Tío… Respecto a lo de sexista…. Es cierto que parece que los cuatro miembros de la banda hubiesen estado atravesando simultáneamente un trauma adolescente antes de escribir las letras del álbum. Es como si los cuatro hubiesen mandado a sus novias a la mierda por haberse follado a su mejor amigo más de una y más de dos veces. Hay mucha bilis. A veces he estado tentado de catalogar este disco (¡Ojo con las etiquetas, Daniel!, dice una voz en mi cabeza) como el álbum más misógino de la historia. Creo que si un chaval de quince años me viniese llorando, todo confusión y desengaño en su frágil mente adolescente porque su novia se ha follado en los urinarios de las fiestas patronales al colega con el que comparte litros y porros todas las tardes, le recomendaría este disco. Y sé que puede que me esté pasando de vueltas porque no es responsable alimentar el odio en una persona que está completando su educación emocional. Pero mejor canalizarlo mediante la música que a través de la droga. O que a través únicamente de la droga.
Quítate que ma´ sturbas (perra arrabalera) empieza con un riff machacón con wah que da ganas de reventarse los dientes contra un bordillo. Y luego está la letra. You tried to meterte con el Huidos/ but we all know que sus orgasmos son fingidos/pues todos sabemos que your pussy/ es más grande que meterse en un jacuzzi . Y después: Por eso te dejo mojada/ un poco vestida y muy alborotada (…)/ porque antes estabas delgada/ con los pechos firmes y las nalgas bien paradas/ pero ahora ya estás muy aguada/ no hay quien te pele y estás amargada/ contigo ya no siento nada/ gorda, golfa interesada. En el estribillo se repite la línea perra arrabalera, perra arrabalera/ es una perra arrabalera, perra arrabalera y quítate que masturbas hasta la catarsis.

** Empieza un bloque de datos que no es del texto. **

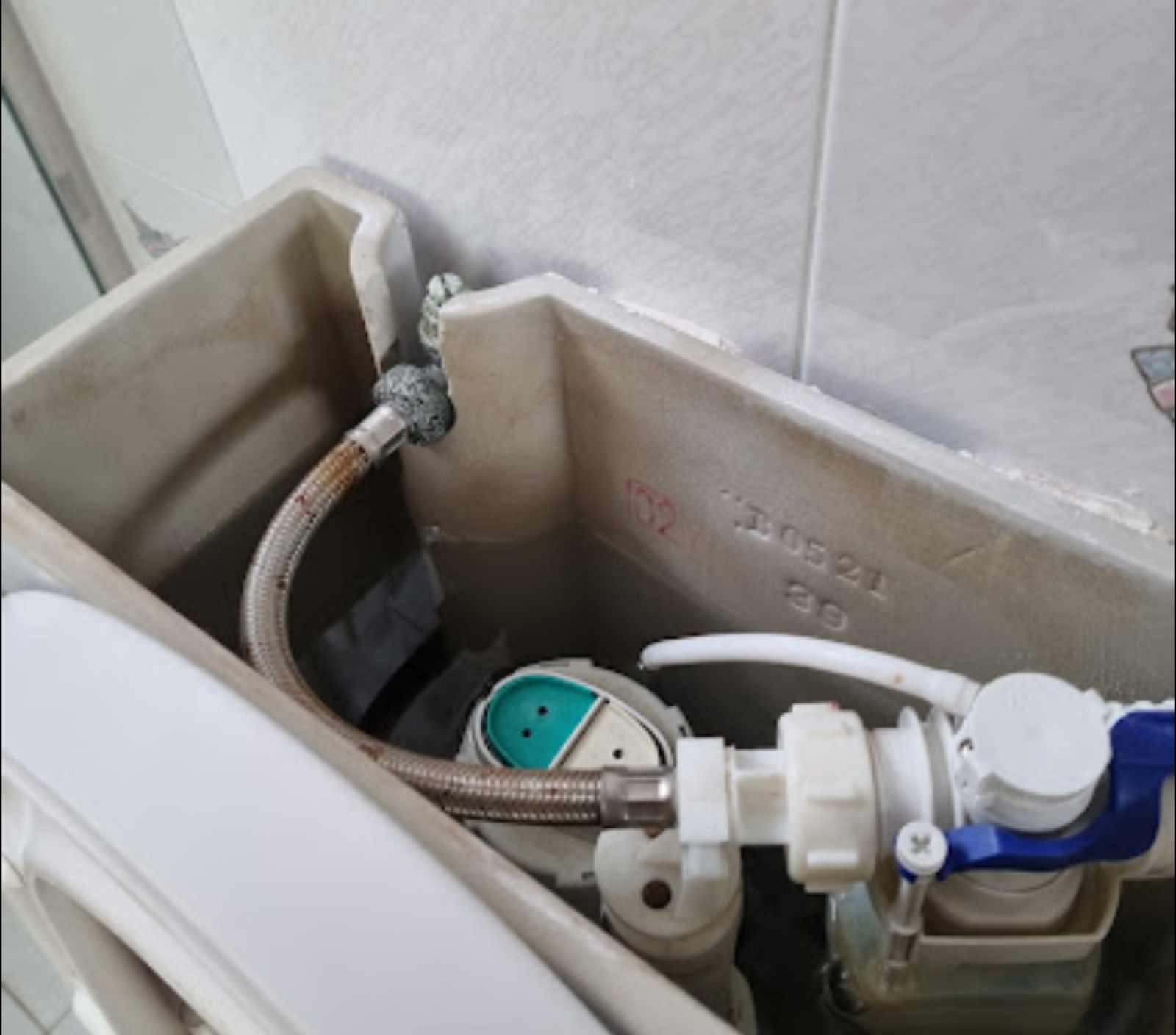 A plumbing repair photographed by Eastern Plumbing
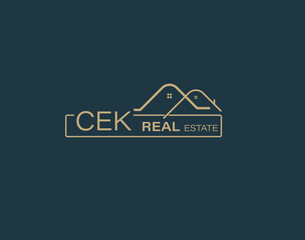 CEK Real Estate and Consultants Logo Design Vectors images. Luxury Real Estate Logo Design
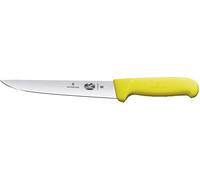 Victorinox Fibrox Couteau de Cuisine/Couteau à Saigner, Manche Ergonomique, Longueur : 18 Cm, Jaune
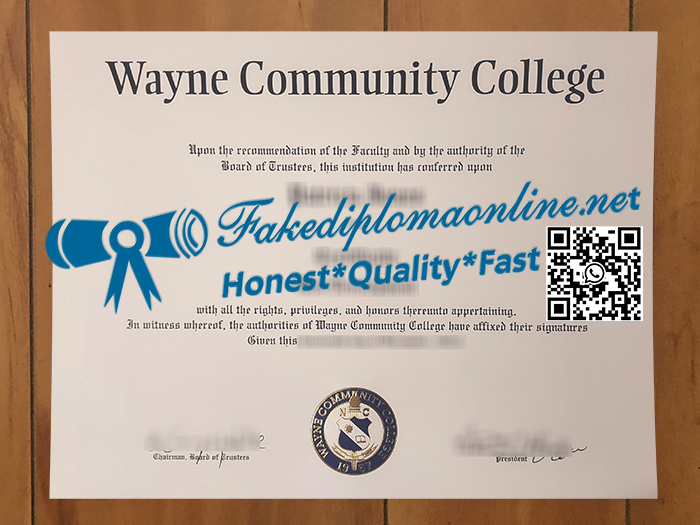 Wayne Community College degree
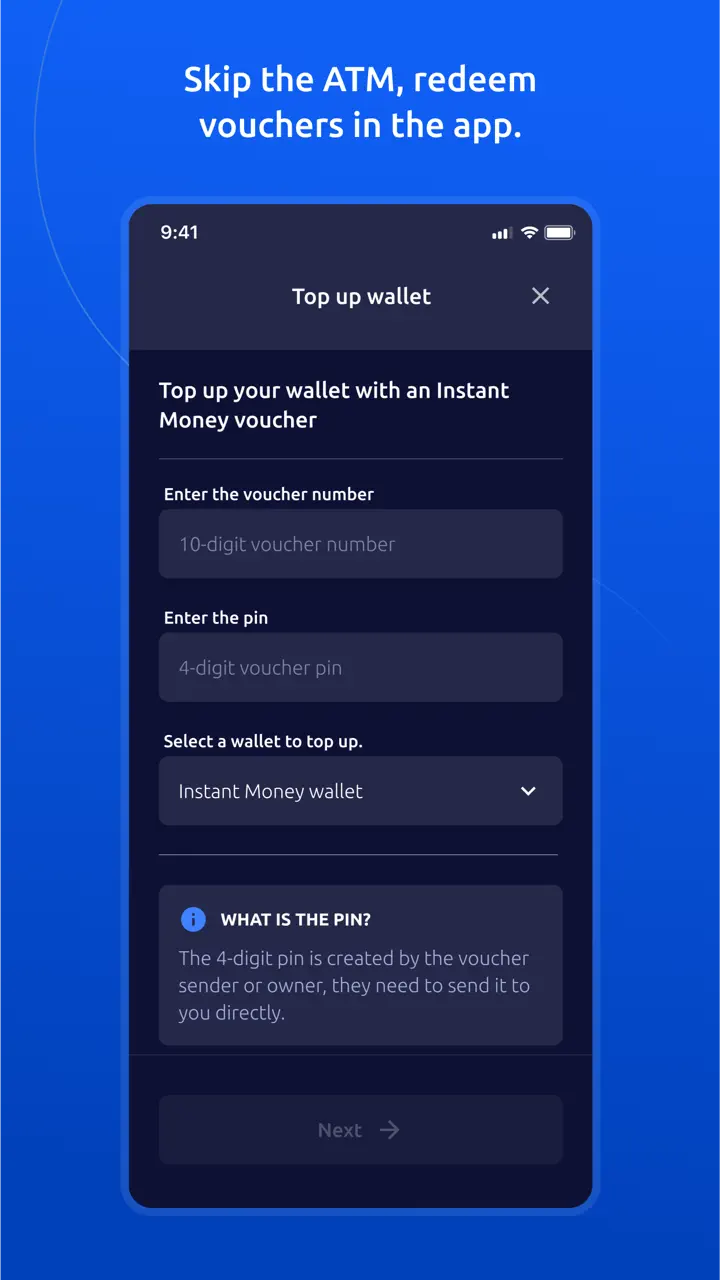 Instant Money App Store pantalla 8 de 8 (store): App Store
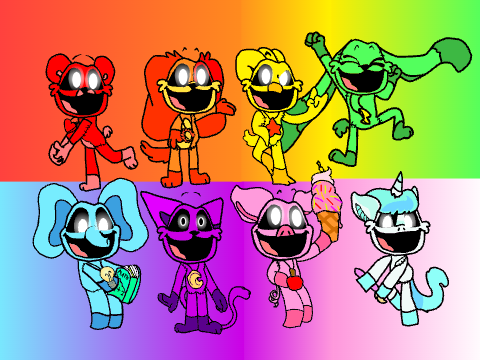 Smiling critters artwork (Poppy playtime ch-3)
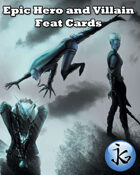 Epic Hero and Villain Feat Cards 1: The Complete Set [BUNDLE]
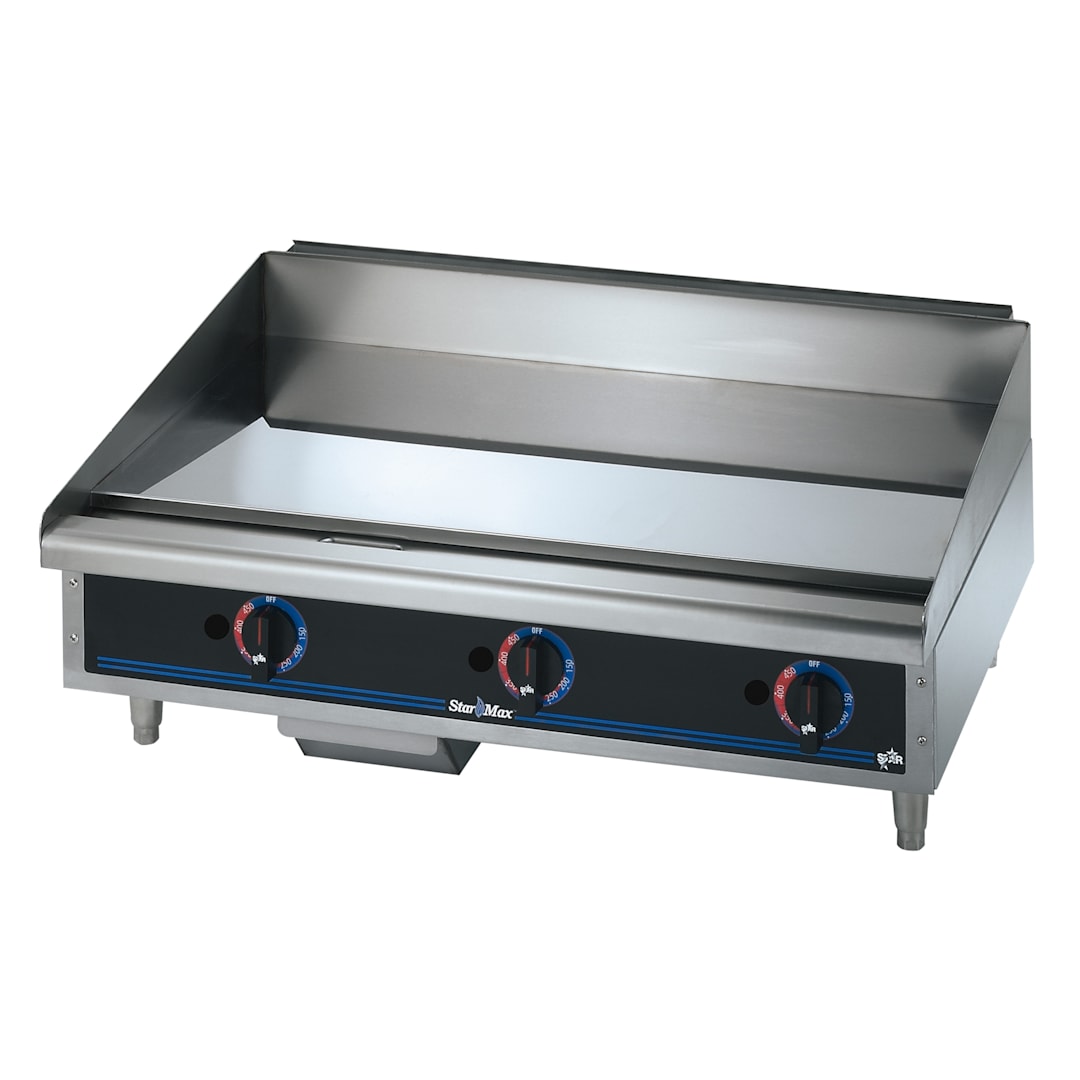 Star® 636TCHSF Star-Max® 36" Chrome Plate Gas Griddle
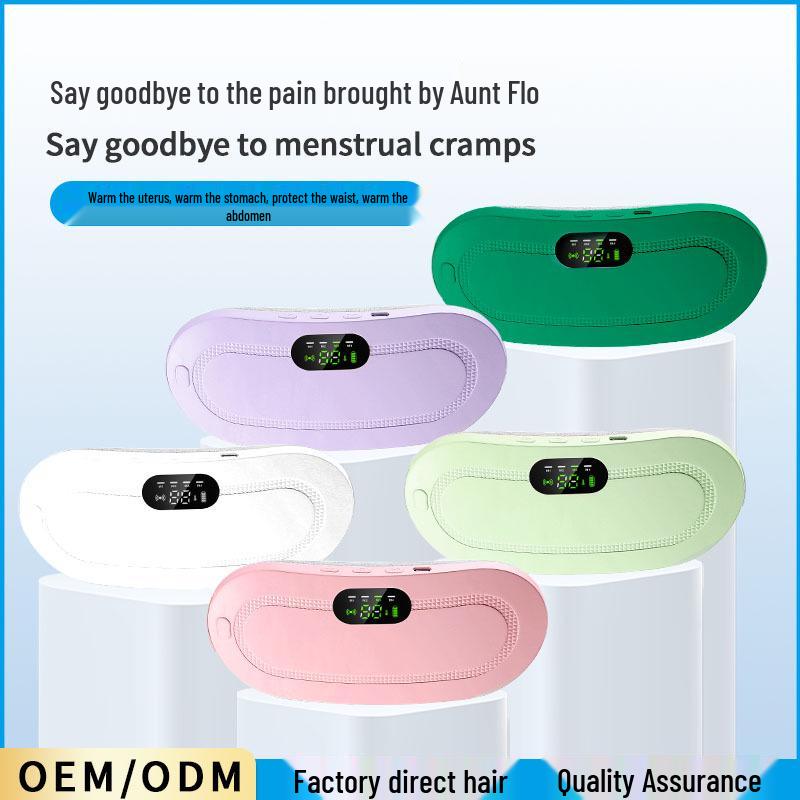 Customizable Electric Heating Waist Belt for Menstrual Pain Relief with Vibration and Hot Compress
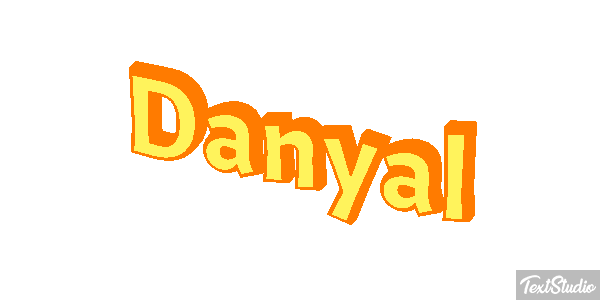 Danyal Text effect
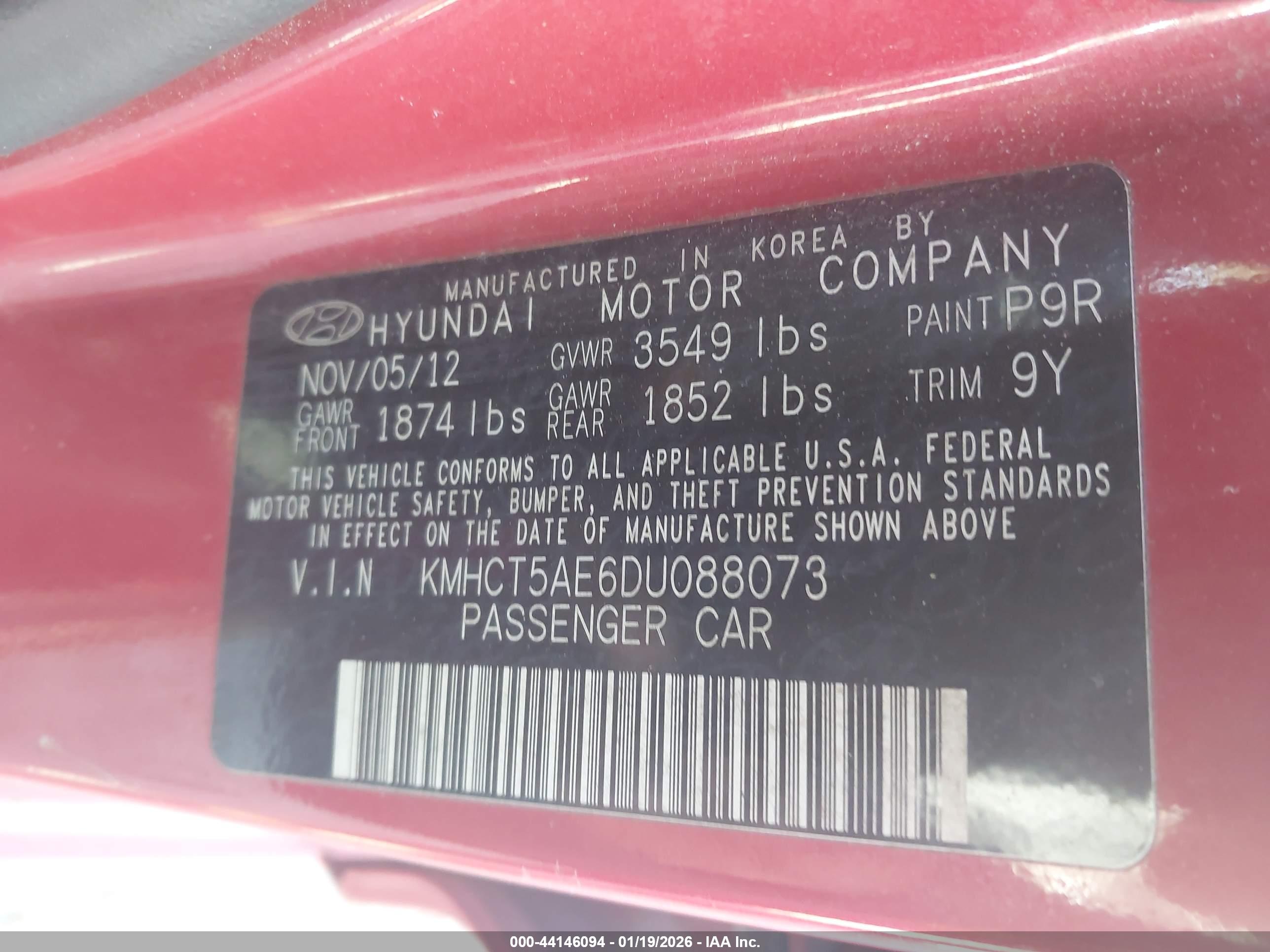 HYUNDAI ACCENT image 9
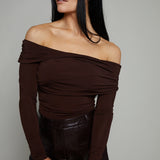 Rory Ruched Off The Shoulder Top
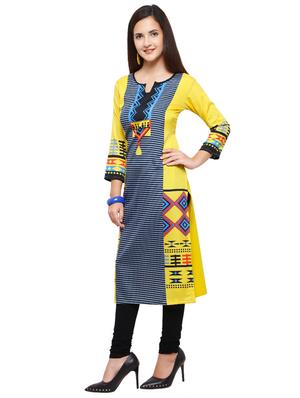 Printed straight kurta - 15614849 - Standard Image - 2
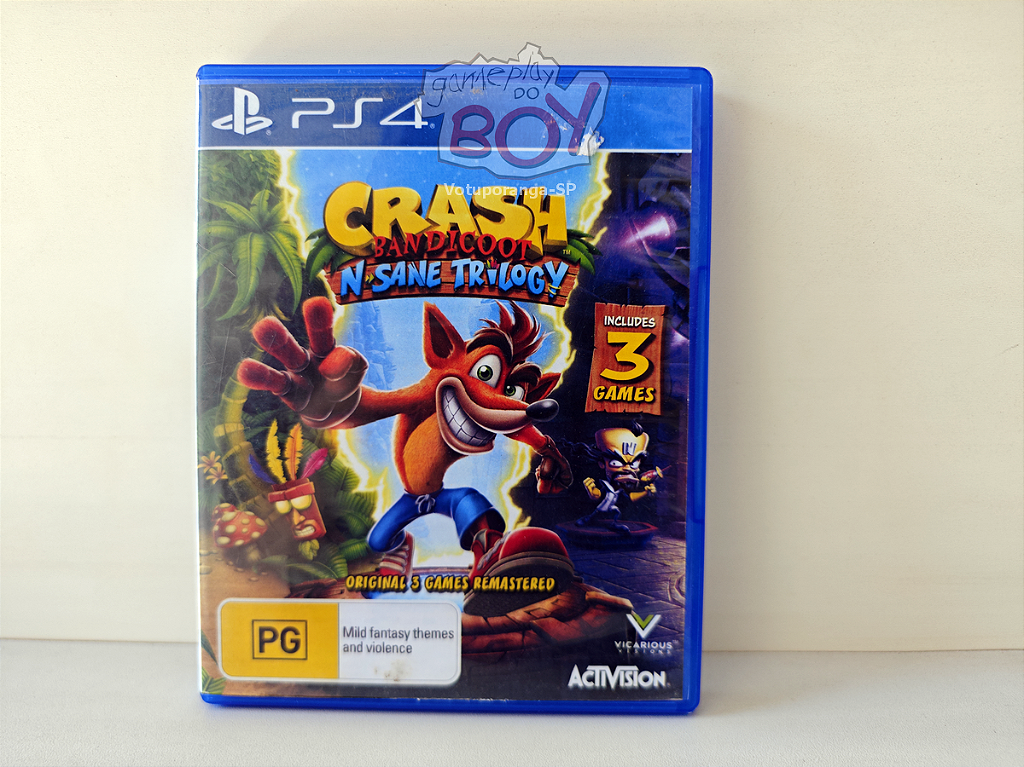 Crash N Sane Trilogy PS4 - Seminovo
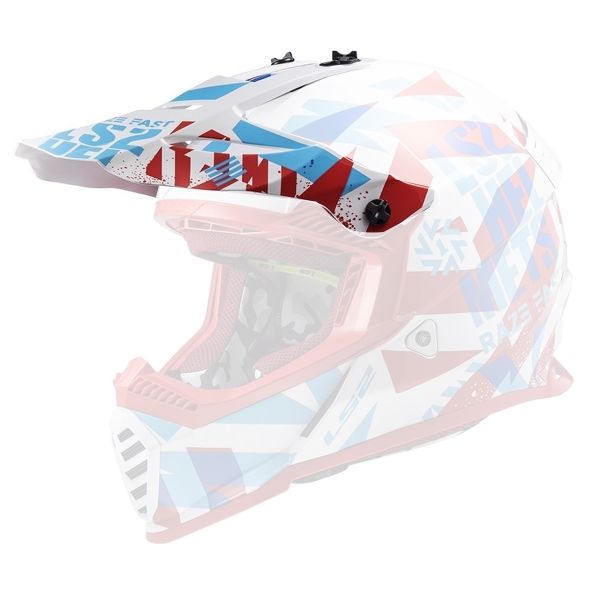Pezzi di ricambio per casco LS2 Veloce Evo MX437 Funky peak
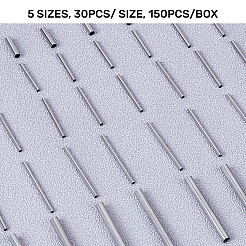 304ステンレスチューブビーズ  ステンレス鋼色  74x72x17mm  10~33x1.5~3mm  穴：1~2mm  30個/形  150個/箱&nbsp;STAS-CA0001-13P
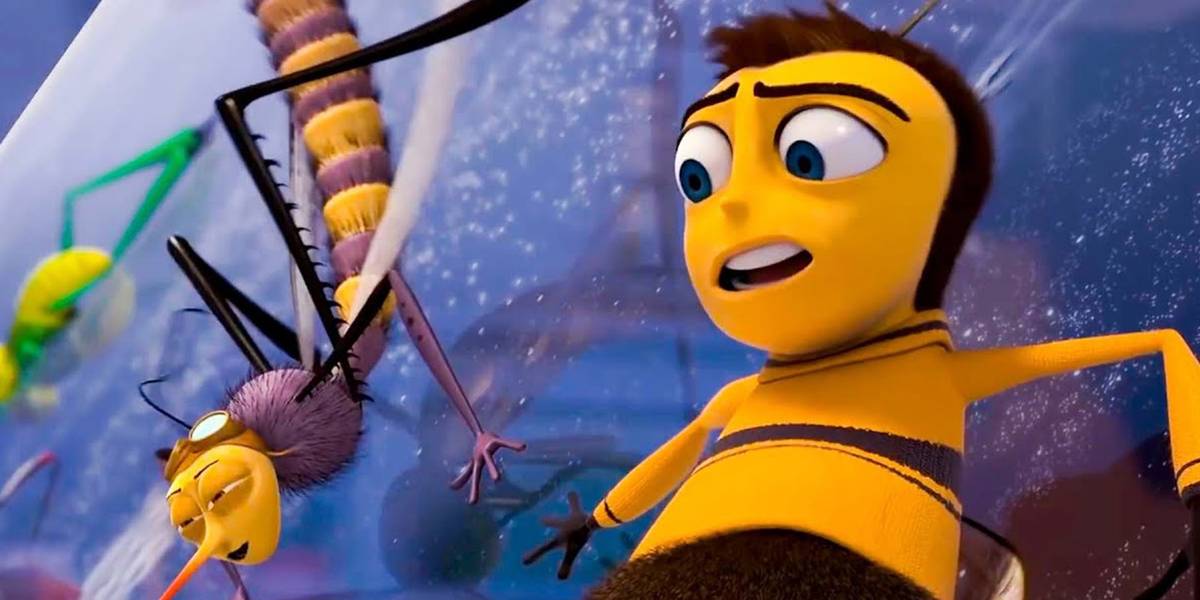 barry bee benson scared in bee movie (2007)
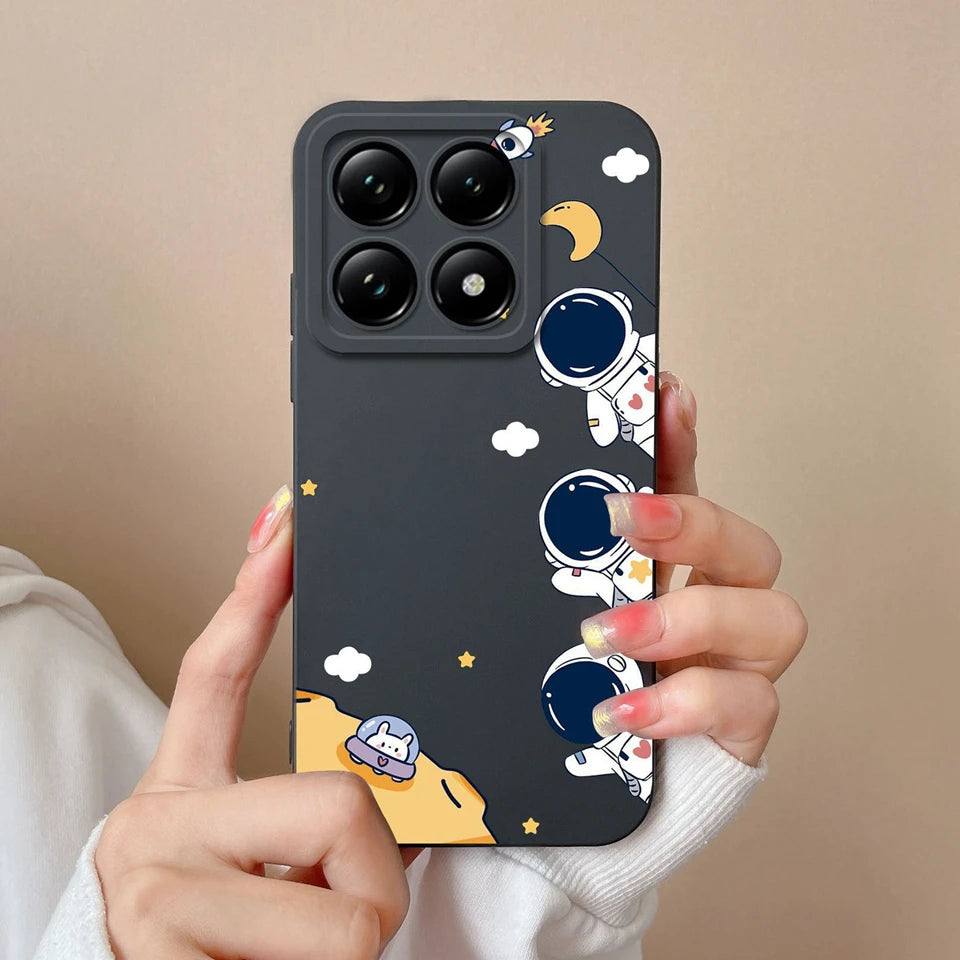 For Xiaomi 14T 14T Pro Cases Cartoon Astronaut Protective Durable Fashion Simplicity Soft Phone Cover For Xiaomi14T 14TPro Coque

Sí, así, de forma superficial, podría parecer un disco algo misógino. El colega Gustavo argumenta que es una parodia a la mentalidad machista y latina (como la del compadre Bertín). Si tenemos en cuenta que la música latina comercial que llega a nuestros alcoholizados y discotequeros preadolescentes contiene líneas como Eso es, esto es pa pasar el rato/dale, mueve ese culo pa meterte el aparato o Está medio gordita/pero chupa chévere/y eso en cuatro no se ve, entenderemos la óptica paródica en las letras de Molotov a la que se refiere Gustavo. No hay lujuria. No está presente el incontrolable, sudoroso y lúbrico ardor latino. No se desea ni se intenta dominar a la mujer voluptuosa como objeto sexual. Simplemente se le insulta y se le descalifica con una vehemencia casi surrealista. Ni el más mínimo atisbo de respeto a la mujer. Aquí tenemos la gran parodia. Las letras son tan animales que solo pueden tomarse en serio como una parodia. La prueba de que la hubiese cagado si lo hubiese catalogado como el disco más misógino de la historia. Es, seguramente, la mejor sátira que se ha hecho en música rock sobre el sexismo y la conversión de la mujer en objeto de las letras del reggaeton y el electrolatino. Algo murió después del bolero. Algo que quizá no vuelva nunca.